#### [Your instructions]
Output the lines from the one containing "7,948 Koller Stock" through the last line of the material below, exactly; please do not include pictures.

#### [Collected material]

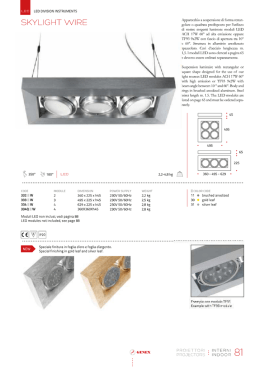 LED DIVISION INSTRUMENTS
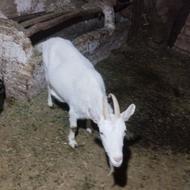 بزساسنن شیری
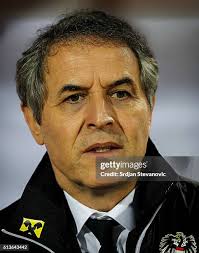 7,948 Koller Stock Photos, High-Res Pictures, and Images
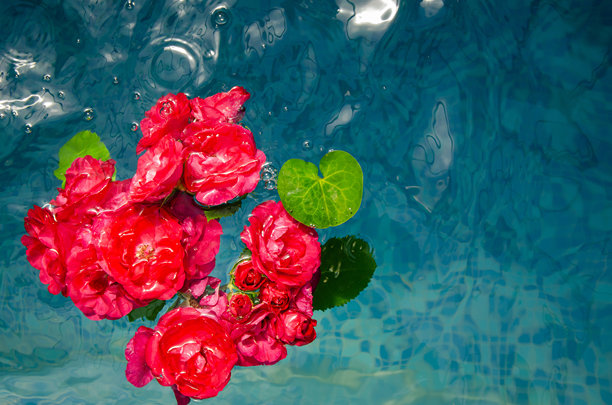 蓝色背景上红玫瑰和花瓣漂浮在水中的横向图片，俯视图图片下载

#### [Solution to the problem]
 7,948 Koller Stock Photos, High-Res Pictures, and Images
 蓝色背景上红玫瑰和花瓣漂浮在水中的横向图片，俯视图图片下载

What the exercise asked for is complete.